Fratture che vogliono dire poi vite e destini assai diversi, tra i giovani del Nord e quelli del Sud, ma anche tra i ragazzi italiani e quelli europei, e poi ancora tra gli italiani e gli immigrati. Perché ci sono scuole di serie A e scuole di serie B, anzi forse di serie Zeta, tanto grande è diventato il fossato tra le cosiddette “due Italie”. Un esempio? Essere uno studente del Nord vuol dire avere, in partenza, 68 punti di vantaggio, secondo il calcolo delle competenze stabilito dall’Ocse-Pisa, (Programme for International Student Assessment) rispetto a un coetaneo del Sud. E questo perché, a parità di spesa pubblica, le scuole di alcune regioni settentrionali (Veneto, Emilia Romagna, Trentino, Lombardia) sono infinitamente migliori di quelle di molte regioni meridionali. Non solo: oggi un quindicenne che studia in un istituto del Sud, ha una preparazione uguale a quella di tredicenne del Nord: è dunque quasi due anni indietro sui “livelli di competenza”.

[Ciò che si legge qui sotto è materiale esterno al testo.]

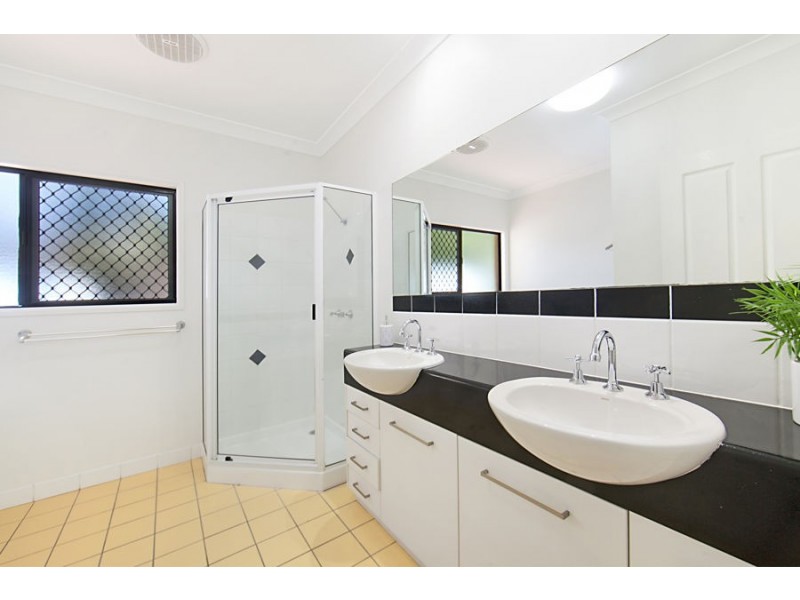 7 Sweetgum Place, Kirwan QLD 4817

E il 30% degli allievi meridionali non raggiunge affatto la “soglia minima di competenza” che, secondo gli standard europei, è il primo gradino per non diventare emarginati ed esclusi. Vuol dire che per quella fetta di ragazzi le porte sono già chiuse, quasi senza speranza. Ma questo non è l’unico grande divario della scuola italiana, come sottolinea Andrea Gavosto, direttore della Fondazione Agnelli, che oggi presenterà la ricerca con il ministro dell’Istruzione Mariastella Gelmini. Perché a diseguaglianze antiche e mai superate, che portano i figli delle classi abbienti a scegliere i licei e poi l’università, mentre i figli delle classi più modeste restano “confinati” negli istituti professionali, ci sono divari nuovi e contemporanei. Quello tecnologico e digitale, ad esempio. Che dimostra quanto i teenager italiani siano simili ai loro coetanei europei per computer presenti in casa (il 91% degli studenti quindicenni ne possiede uno), ma quanto poco invece le nuove tecnologie siano diffuse a livello accademico. Soltanto il 50% degli studenti italiani utilizza un computer a scuola contro oltre il 60% della media europea, con una differenza territoriale che segnala un computer ogni 5 studenti nella provincia di Bolzano e uno ogni 27 da Napoli in giù. Ma forse il divario digitale più forte è quello tra allievi e insegnanti.

Sarà perché i prof italiani, per l’Ocse, sono tra i più anziani d’Europa, la realtà è che soltanto il 24,6% è favorevole all’uso del computer in classe, a fronte di uno striminzito 6% che lo ritiene un supporto insostituibile. Ma oltre a evidenziare le fratture, il rapporto della Fondazione Agnelli rilancia il dibattito sul “federalismo scolastico”. Uno scenario prossimo, di cui si evidenziano possibilità e rischi, come l’abbandono da parte dello Stato delle regioni più deboli. Allargando, quindi, il già profondo fossato esistente.